Valentines Day is the same here, but different. In Britain, Valentines is only for lovers or would-be lovers. None of this sending your mother a Valentines card, because that would just be downright weird. Growing up, it was the day no one sent you a card because no one fancied you. Even though you waited all day for a Valentines card to pop up in unexpected places, or a declaration of love from out of the blue, nothing came but the sorry realisation that love was not on the cards. The song by Janis Ian called 17 must have been written on just such a day.

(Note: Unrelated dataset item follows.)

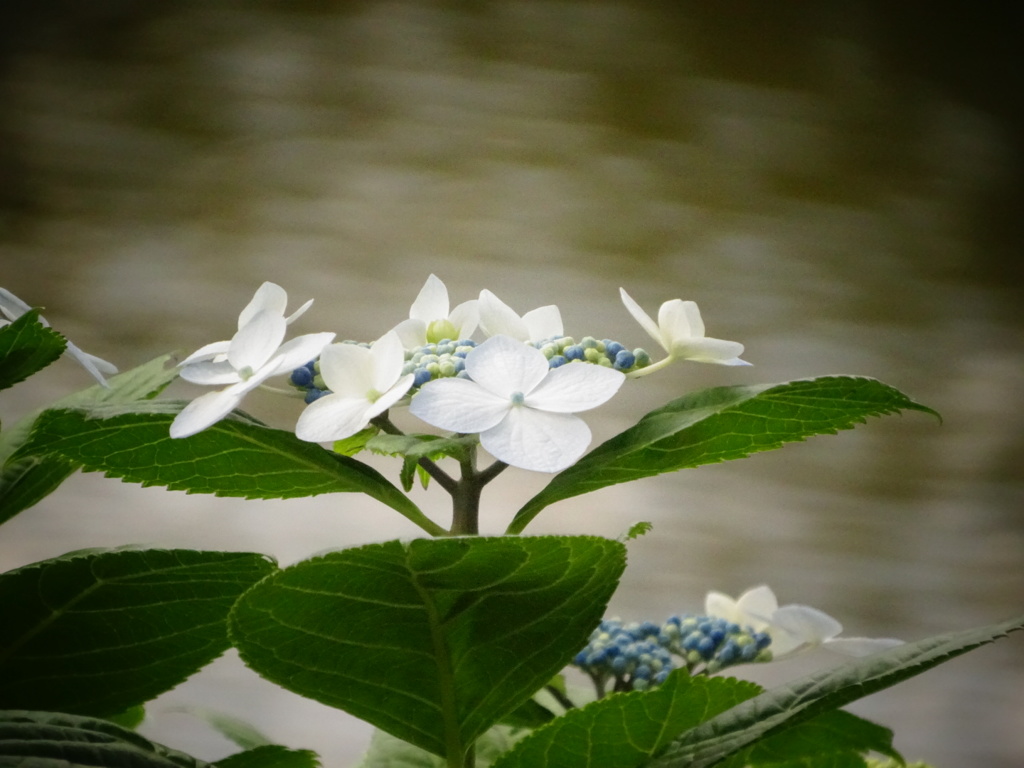 紫陽花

And then being an ex-pat, I miss the holidays I have had to give up. There's Guy Fawkes, pretty hypocritical itself, that celebrates the government in Westminster, which for reasons of nationality, I have come to regard as Westmonster. It's our bonfire and fireworks day, magical for a child whose birthday was only two days down the road. Autumn just needs a bonfire - the smells all go together - and that is ours.
And then there's good old Boxing Day. Come on, folks, you can't have Christmas Day and then back to work as usual. You need a buffer zone. You need Boxing Day so you can do the whole thing (minus the presents) over again. All the family that you didn't necessarily want over on Christmas Day can come and have another round of turkey and Christmas pud.

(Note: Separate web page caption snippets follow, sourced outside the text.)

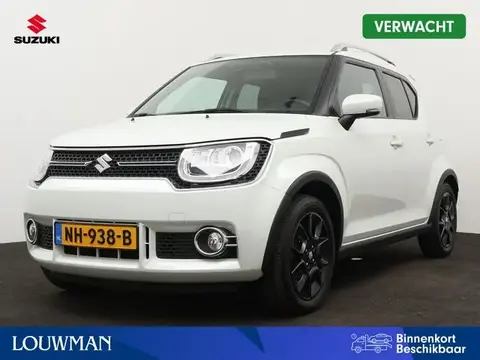 Used SUZUKI IGNIS Petrol 2017 Ad 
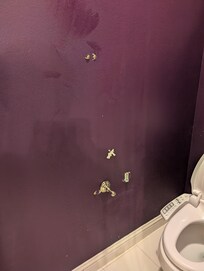 No toilet paper holder but this is pretty reflected of the state of the entire house.... needs So much work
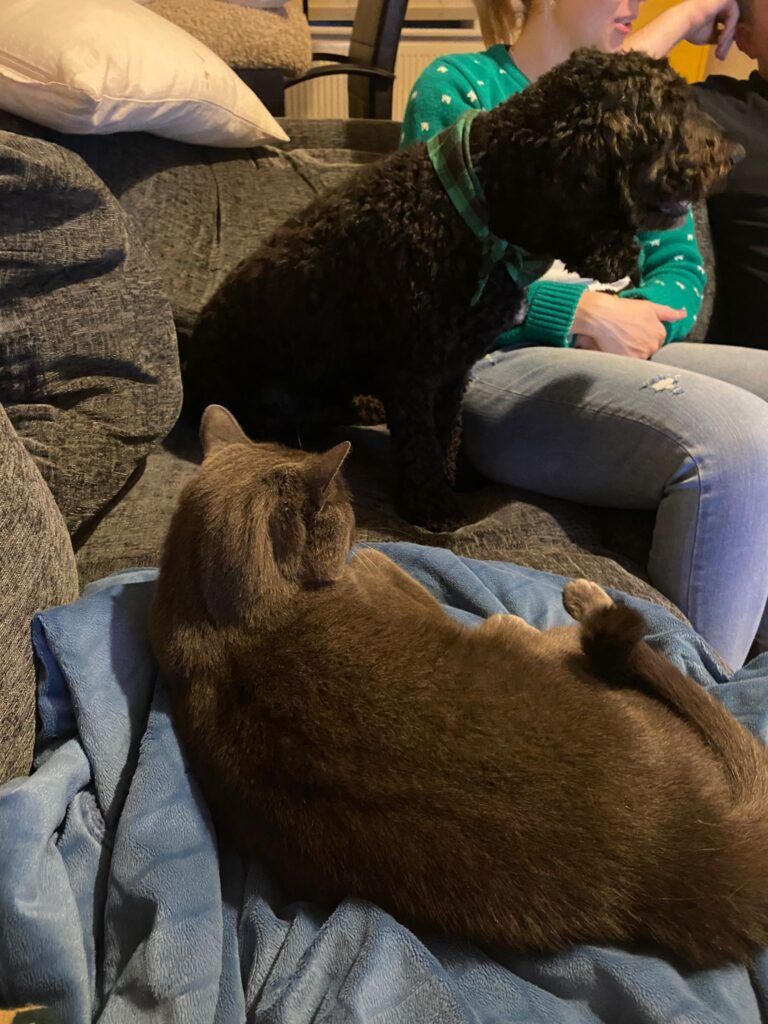 Penny, Olive, George, and Charlie are Safe and Sound in the UK 🐈❤️🇬🇧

Then there's those spurious holidays, like Halloween and Easter, so obviously pagan, but ones the church tried to dress up in monkish outfits to varying degrees of success. What does anyone think rolling eggs down a hill or celebrating little chicks and rabbits is all about? Tack on a cross and you've got hot cross buns, but it ain't anything to do with Christianity.
Halloween - well, they tried (All Hallows Eve), but there's not much you can do about a celebration of witches and ghouls. It was and ever shall be the Day of the Dead, the time when the veil between the living and the dead gets thin enough for a person to peer through. In Gaelic it is Samhain, and it figures in my novel series a lot. I have neighbours that call it The Devil's Birthday. Well, maybe it is, but The Horned One was a benevolent fellow in the pagan way of looking at things, and so was the witch. Same goes for the black cat, for Pete's sake, whoever Pete may be. All of these icons got stood on their heads by the church, so I don't mind celebrating the birthday of the Horned God, no matter what country I live in.
I'll take Halloween and Boxing Day. The rest can go to the devil.